▶ [Exercise description]:
Extract from the entries below, exactly as given, only the lines from the line containing "Hey, this is" to the line containing "If you get this", both lines included.

━━━━━━━━

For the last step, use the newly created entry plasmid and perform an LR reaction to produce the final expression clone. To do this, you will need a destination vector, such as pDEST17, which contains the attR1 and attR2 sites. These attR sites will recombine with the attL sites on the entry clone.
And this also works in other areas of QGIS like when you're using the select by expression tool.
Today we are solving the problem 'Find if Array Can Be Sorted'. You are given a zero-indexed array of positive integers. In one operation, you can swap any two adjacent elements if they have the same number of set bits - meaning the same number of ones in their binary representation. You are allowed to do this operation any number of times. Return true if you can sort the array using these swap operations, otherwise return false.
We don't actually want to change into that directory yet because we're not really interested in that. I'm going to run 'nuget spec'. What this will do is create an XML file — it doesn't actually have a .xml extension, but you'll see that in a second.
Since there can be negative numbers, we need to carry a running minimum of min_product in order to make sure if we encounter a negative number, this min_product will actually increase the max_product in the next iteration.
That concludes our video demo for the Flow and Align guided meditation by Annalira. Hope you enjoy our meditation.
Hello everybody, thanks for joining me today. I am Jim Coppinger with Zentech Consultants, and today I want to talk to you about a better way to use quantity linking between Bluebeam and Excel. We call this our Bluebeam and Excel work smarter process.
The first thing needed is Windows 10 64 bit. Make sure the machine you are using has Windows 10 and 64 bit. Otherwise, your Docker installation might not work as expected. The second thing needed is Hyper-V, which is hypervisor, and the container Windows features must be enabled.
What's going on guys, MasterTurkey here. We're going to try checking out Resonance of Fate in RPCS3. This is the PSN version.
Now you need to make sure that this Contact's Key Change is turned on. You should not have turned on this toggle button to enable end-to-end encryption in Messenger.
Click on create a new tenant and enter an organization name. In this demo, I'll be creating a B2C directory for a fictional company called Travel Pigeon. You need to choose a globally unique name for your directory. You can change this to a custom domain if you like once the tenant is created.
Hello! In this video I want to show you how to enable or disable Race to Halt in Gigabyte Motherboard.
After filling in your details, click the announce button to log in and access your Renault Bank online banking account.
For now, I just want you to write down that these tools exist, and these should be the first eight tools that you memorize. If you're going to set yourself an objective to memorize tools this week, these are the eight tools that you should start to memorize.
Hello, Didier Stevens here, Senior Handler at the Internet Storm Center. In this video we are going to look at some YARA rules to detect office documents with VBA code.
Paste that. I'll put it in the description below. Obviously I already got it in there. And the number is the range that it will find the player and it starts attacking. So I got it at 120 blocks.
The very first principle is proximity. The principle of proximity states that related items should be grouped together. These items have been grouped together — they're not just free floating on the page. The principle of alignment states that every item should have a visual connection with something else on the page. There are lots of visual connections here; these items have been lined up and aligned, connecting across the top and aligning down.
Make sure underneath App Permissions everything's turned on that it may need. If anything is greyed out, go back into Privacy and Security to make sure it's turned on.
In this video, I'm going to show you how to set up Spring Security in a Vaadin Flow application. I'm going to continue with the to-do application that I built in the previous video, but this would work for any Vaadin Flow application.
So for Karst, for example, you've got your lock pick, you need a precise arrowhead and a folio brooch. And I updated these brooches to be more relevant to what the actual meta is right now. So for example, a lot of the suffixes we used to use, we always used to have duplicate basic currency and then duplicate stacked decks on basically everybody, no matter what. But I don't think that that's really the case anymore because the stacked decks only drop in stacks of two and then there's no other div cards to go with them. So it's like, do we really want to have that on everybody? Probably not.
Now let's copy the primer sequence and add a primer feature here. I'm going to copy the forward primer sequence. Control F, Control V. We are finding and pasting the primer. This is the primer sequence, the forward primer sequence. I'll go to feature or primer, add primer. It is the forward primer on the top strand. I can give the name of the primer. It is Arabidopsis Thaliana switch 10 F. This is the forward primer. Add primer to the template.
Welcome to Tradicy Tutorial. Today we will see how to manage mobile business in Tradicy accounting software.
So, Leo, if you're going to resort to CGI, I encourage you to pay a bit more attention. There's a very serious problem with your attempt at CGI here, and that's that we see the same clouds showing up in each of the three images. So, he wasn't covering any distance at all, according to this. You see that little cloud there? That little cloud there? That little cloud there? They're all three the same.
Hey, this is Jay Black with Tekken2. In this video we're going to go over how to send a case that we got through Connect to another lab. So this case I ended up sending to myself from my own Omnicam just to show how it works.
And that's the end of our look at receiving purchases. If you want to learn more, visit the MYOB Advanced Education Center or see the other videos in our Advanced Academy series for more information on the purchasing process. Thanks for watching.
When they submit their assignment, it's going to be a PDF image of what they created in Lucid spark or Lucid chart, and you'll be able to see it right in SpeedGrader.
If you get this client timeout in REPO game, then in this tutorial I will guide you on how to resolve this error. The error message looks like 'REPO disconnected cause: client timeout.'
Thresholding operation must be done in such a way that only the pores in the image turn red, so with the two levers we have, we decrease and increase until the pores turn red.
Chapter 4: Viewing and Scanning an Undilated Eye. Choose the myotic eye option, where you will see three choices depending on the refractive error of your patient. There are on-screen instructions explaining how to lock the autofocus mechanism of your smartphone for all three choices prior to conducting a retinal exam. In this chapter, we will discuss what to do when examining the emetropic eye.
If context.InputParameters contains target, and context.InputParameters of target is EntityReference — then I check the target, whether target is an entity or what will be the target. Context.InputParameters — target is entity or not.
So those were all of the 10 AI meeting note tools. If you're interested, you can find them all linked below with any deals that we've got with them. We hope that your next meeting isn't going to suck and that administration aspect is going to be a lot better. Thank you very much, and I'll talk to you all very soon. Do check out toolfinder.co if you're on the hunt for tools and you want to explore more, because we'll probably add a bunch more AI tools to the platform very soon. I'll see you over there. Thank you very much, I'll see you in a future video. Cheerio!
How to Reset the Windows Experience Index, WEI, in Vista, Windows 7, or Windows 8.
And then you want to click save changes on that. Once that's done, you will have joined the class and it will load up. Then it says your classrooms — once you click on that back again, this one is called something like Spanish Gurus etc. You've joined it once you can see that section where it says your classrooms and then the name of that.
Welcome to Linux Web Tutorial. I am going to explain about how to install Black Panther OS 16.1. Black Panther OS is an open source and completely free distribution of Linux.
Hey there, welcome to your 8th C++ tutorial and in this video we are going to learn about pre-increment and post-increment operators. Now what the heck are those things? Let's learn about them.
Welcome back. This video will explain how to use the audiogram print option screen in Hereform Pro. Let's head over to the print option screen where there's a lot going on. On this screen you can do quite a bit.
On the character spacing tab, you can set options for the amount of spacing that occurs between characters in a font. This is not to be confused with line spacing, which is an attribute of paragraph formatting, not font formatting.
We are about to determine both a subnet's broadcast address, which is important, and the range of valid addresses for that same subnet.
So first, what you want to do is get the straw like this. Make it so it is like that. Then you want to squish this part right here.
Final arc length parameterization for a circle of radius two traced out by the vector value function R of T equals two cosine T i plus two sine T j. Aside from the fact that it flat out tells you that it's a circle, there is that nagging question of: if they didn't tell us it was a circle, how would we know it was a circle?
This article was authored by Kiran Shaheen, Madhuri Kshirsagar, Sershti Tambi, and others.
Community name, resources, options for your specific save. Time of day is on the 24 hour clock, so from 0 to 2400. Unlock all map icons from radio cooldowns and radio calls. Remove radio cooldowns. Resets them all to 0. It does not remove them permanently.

━━━━━━━━

▶ [Solution]:
Hey, this is Jay Black with Tekken2. In this video we're going to go over how to send a case that we got through Connect to another lab. So this case I ended up sending to myself from my own Omnicam just to show how it works.
And that's the end of our look at receiving purchases. If you want to learn more, visit the MYOB Advanced Education Center or see the other videos in our Advanced Academy series for more information on the purchasing process. Thanks for watching.
When they submit their assignment, it's going to be a PDF image of what they created in Lucid spark or Lucid chart, and you'll be able to see it right in SpeedGrader.
If you get this client timeout in REPO game, then in this tutorial I will guide you on how to resolve this error. The error message looks like 'REPO disconnected cause: client timeout.'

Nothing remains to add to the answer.